NASA Map Reveals Massive Carbon Storage of Tropical Forests.


Image via NASA

Tropical forests store an enormous amount of the world's carbon, and it's therefore pretty important that we don't chop them down (deforestation already accounts for 15-20% of the world's carbon emissions -- and that we know where they are, and how much carbon they absorb. NASA released this image of where that carbon gets sucked down, replete with interesting data like this:


The map reveals that in the early 2000s, forests in the 75 tropical countries studied contained 247 billion tons of carbon. For perspective, about 10 billion tons of carbon is released annually to the atmosphere from combined fossil fuel burning and land use changes. The researchers found that forests in Latin America hold 49 percent of the carbon in the world's tropical forests. For example, Brazil's carbon stock alone, at 61 billion tons, almost equals all of the carbon stock in sub-Saharan Africa, at 62 billion tons.,"

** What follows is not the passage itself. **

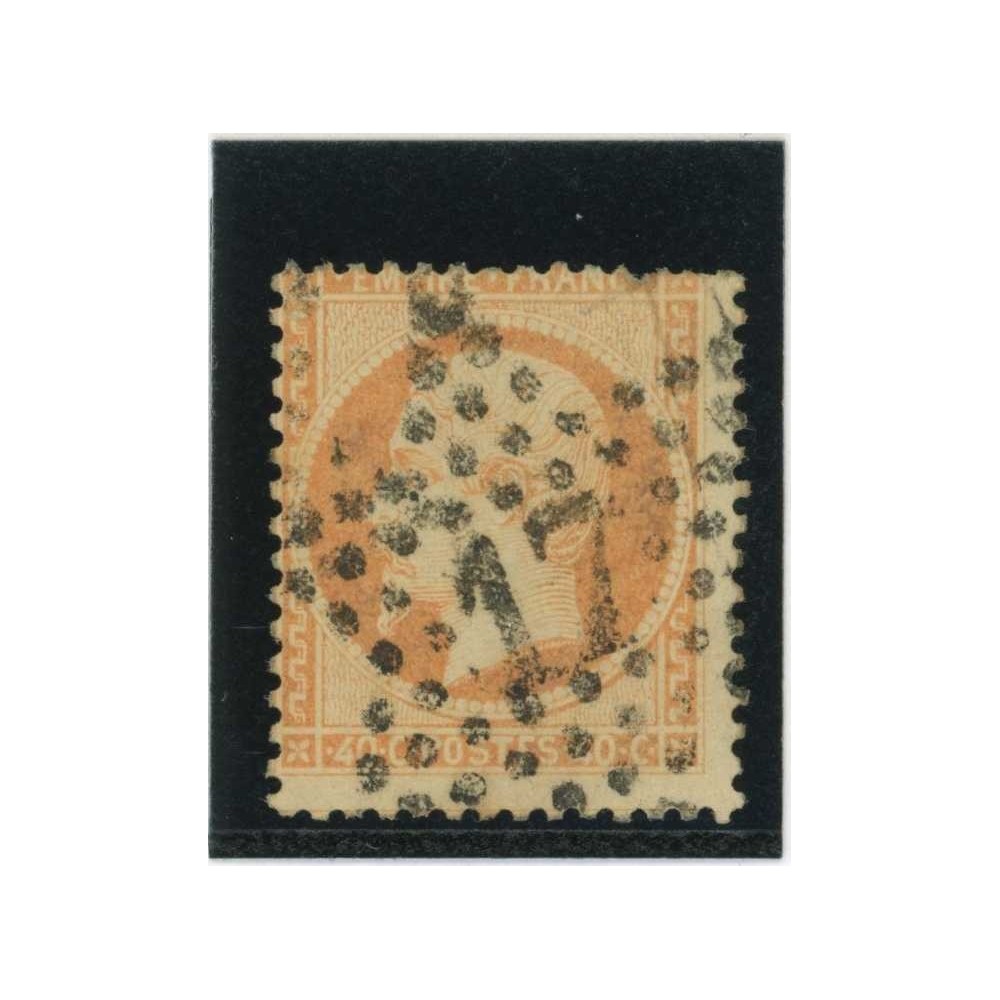 YT 23 - Etoile 17 - Cote 17 Euros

Plowing through those forests would be nothing short of devastating to the world's climate system -- and yet, that's exactly what we're doing. If we continue consuming forests at the rate we have been over the last 40 years, kiss much of those carbon strongholds goodbye.

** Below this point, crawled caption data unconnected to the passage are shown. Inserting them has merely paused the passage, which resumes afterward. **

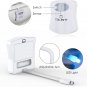 The Original Toilet Night Light Tech Gadget. Fun Bathroom Motion Sensor LED Ligh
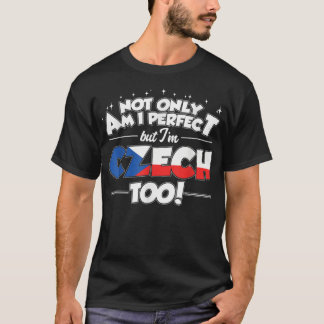 Czechoslovakia Perfect and Czech T-Shirt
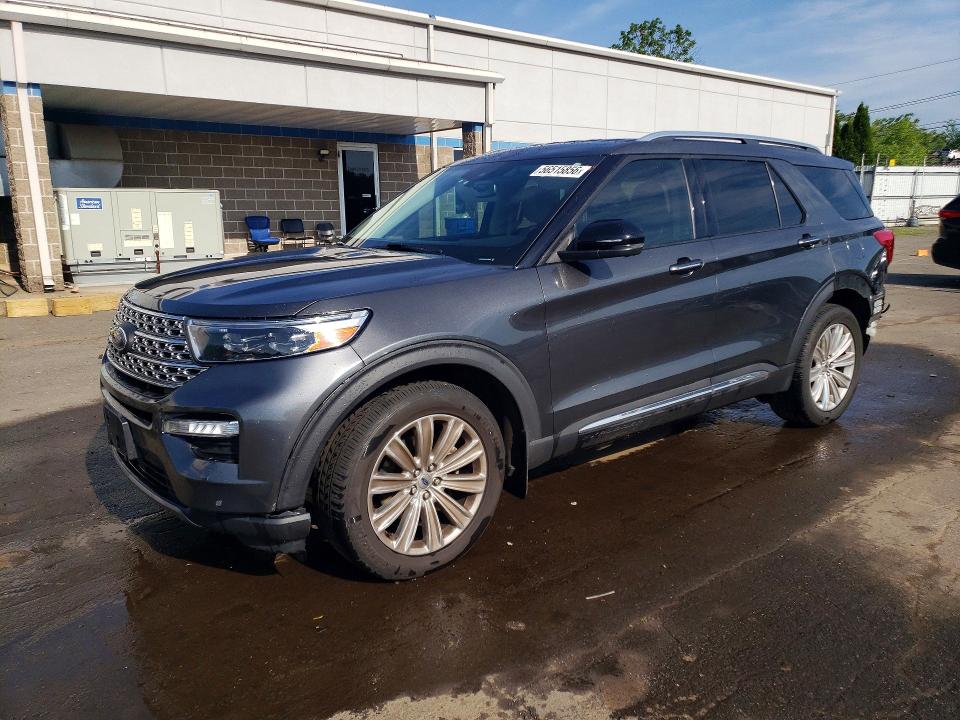 56515856 :رقم المزاد ، 1FMSK8FH2LGA45933 vin ، 2020 Ford Explorer مزاد بيع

Reports from Brazil oscillate between good and bad years regarding Amazon deforestation -- this is a bad one, so far -- but the trend is only going one way: less trees. We're going to need to see more novel thinking like the partnership between Norway and Guyana, which has agreed to protect its trees in exchange for investment from the Scandinavian nation, if we're going to succeed in preserving one of the world's most important resources.